Venus hadn't dug that deep since the match where she came back on Justine - has she? I just never count Venus out - cause she is one of the best out there that digs sooooo deep to pull out a V-I-C-T-O-R-Y.
"WAY TO GO VENUS" "YOU ARE A DEEP TENNIS PLAYER VENUS" "AND YOU'RE ON SCHEDULE" "STAY ON TOP OF IT - GIRLFRIEND"
"LET'S GET IT ON - SERENA"
Tuesday, September 3
Venus to play Seles in quarterfinals
NEW YORK -- Here's how Venus Williams responded to a rare challenge at the U.S. Open: She dug in, pulled out a three-set victory, then went right out and practiced.
No room for imperfection for the two-time defending champion.
She had all kinds of problems against Chanda Rubin before emerging with a 6-2, 4-6, 7-5 victory Tuesday to reach the quarterfinals for the 18th time in her last 20 Grand Slam tournaments and move closer to another all-Williams final.

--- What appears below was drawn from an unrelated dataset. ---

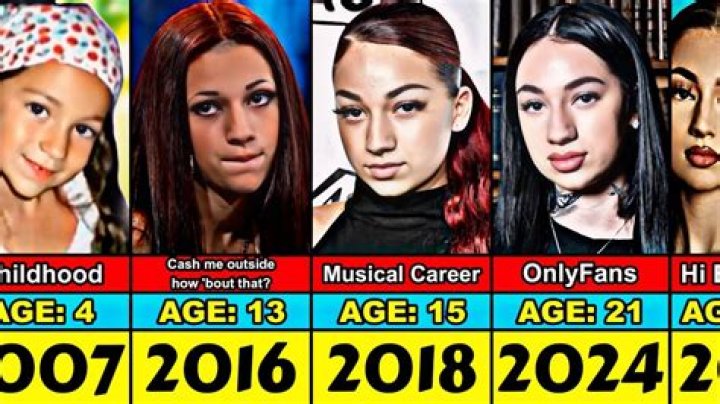 Bhad Bhabie: The Controversial Rise of an OnlyFans Sensation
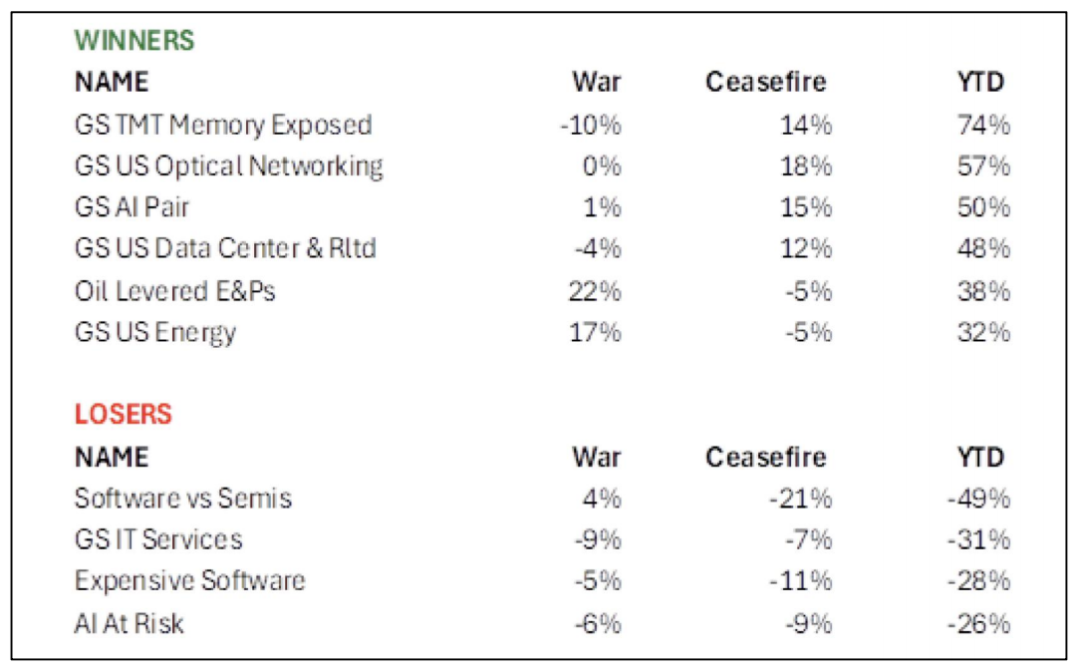 一个潜在错杀区域 260415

"Today just wasn't my best day,'' said Williams, who lost seven more games in that match than in her previous three combined. "I had a lot of short balls that I just missed. It was definitely strange missing those shots, but I tried to stay calm.''
She'll play Monica Seles for a semifinal berth. Still grunting on each shot and still hitting with two hands off both wings, Seles beat Martina Hingis 6-4, 6-2 to end Hingis' streak of six straight semifinal appearances at the year's final major. Hingis had ankle surgery in May and made it into the field here as a wild-card entry.
On the other half of the draw, 1998 champion Lindsay Davenport moved into the semifinals by eliminating unseeded Elena Bovina 3-6, 6-0, 6-2. Davenport, playing just her fifth tournament since right knee surgery performed by the same doctor who rebuilt Rubin's left knee, capitalized on Bovina's 36 unforced errors.
Against Rubin, Williams bailed herself out with the help of 41 winners and seven aces, snapping one at 121 mph. But she also made 41 errors, had six double faults, had her serve broken five times, and allowed her 25-set winning streak at the Open to end.
Watching from the stands while snapping pictures through a 2½-foot lens, Williams' father, Richard, wasn't pleased.
"It looks like all her techniques are breaking down,'' he said.
When the match ended, Venus Williams walked off court and swung her racket in a forehand motion while looking at her father, as though to say, "I know, I know. We have some work to do.'' Sure enough, 20 minutes later, she was on an adjacent practice court, hitting while getting instructions from Richard.
They might have been going over what went wrong when she was broken three straight times in the second set.
Or what led to the trouble at 5-5 in the last set, with Williams facing two break points. But the 14th-seeded Rubin, who's had two operations on her left knee since January 2001 and appeared to be gasping for air after longer rallies, finally succumbed to Williams' constant pressure.
Rubin sent a forehand wide on the first break point, then put another forehand into the net to close a 17-stroke rally. She threw her head back, sighed, and staggered along the baseline.
"I had rushed so many shots, missed so many,'' Williams said. "I was just happy to be able to get through those points.''
Up to that part of the match, Rubin's attacking style kept Williams off-balance, though it didn't produce all that many winners: 15.
"I gave myself a chance in the match. As a competitor, you want to go out in every match and do that,'' Rubin said. "But it's disappointing not to win it when the chances were there. You look up -- you're right there for the match.''
Williams is always there, particularly when it comes to U.S. hard-court tournaments, where her record is 18-0 in 2002, and has lost just two such matches in the past three years. She's 58-6 overall this year, with three of the losses to younger sister Serena, who's seeded No. 1 at the Open and was to play No. 11 Daniela Hantuchova later Tuesday for the right to meet Davenport.
Rubin has made quick progress since returning to the tour in May after her second surgery, including victories over Serena Williams and Davenport en route to winning a hard-court tournament in Los Angeles last month.
Of Rubin's seven main draw losses in 2002, five came against players who have been ranked No. 1: the Williams sisters, Davenport, and Seles.
Hingis also used to be at the top, but the last of her five Grand Slam titles came at the 1999 Australian Open. Since then, she's lost in five major finals, while the Williams sisters have combined to win seven of the past 12.
Now Hingis is coming back from ligament damage that one of her doctors said might end her career, and she didn't do much to push Seles off her game Tuesday.
Seles figures to get a different test against Venus Williams, who has won seven of their eight meetings, including in the French Open quarterfinals.
It's been 10 years since Seles won her second straight U.S. Open title, and she talked Tuesday about how the game has changed.
"The girls started to get bigger, stronger, faster,'' the 28-year-old Seles said. "You see the girls now are 6 feet tall, have a 100 mph serve -- that's the lowest.''
Hmmm, sounds a lot like her next opponent.